The computation follows Mamon&Lokas 2005 and performs the spectral rendering of the seeing convolved apperture with the method introduced by Birrer et al. 2016.
The class supports various types of anisotropy models (see Anisotropy class) and aperture types (see Aperture class). Solving the Jeans Equation requires a numerical integral over the 3d light and mass profile (see Mamon&Lokas 2005). This class (as well as the dedicated LightModel and MassModel classes) perform those integral numerically with an interpolated grid.
The seeing convolved integral over the aperture is computed by rendering spectra (light weighted LOS kinematics) from the light distribution.
- The cosmology assumed to compute the physical mass and distances are set via the kwargs_cosmo keyword arguments.
d_d: Angular diameter distance to the deflector (in Mpc) d_s: Angular diameter distance to the source (in Mpc) d_ds: Angular diameter distance from the deflector to the source (in Mpc)
The numerical options can be chosen through the kwargs_numerics keywords
interpol_grid_num: number of interpolation points in the light and mass profile (radially). This number should be chosen high enough to accurately describe the true light profile underneath. log_integration: bool, if True, performs the interpolation and numerical integration in log-scale.
max_integrate: maximum 3d radius to where the numerical integration of the Jeans Equation solver is made. This value should be large enough to contain most of the light and to lead to a converged result. min_integrate: minimal integration value. This value should be very close to zero but some mass and light profiles are diverging and a numerically stabel value should be chosen.

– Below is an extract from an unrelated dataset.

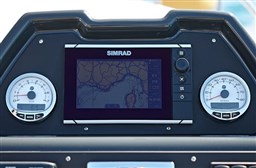755-sundeck-dtls-877_smartcraft-speedometer-tachometer_f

These numerical options should be chosen to allow for a converged result (within your tolerance) but not too conservative to impact too much the computational cost. Reasonable values might depend on the specific problem.
- dispersion(kwargs_mass, kwargs_light, kwargs_anisotropy, sampling_number=1000)[source]¶
computes the averaged LOS velocity dispersion in the slit (convolved)
- Parameters
kwargs_mass – mass model parameters (following lenstronomy lens model conventions)
kwargs_light – deflector light parameters (following lenstronomy light model conventions)
kwargs_anisotropy – anisotropy parameters, may vary according to anisotropy type chosen. We refer to the Anisotropy() class for details on the parameters.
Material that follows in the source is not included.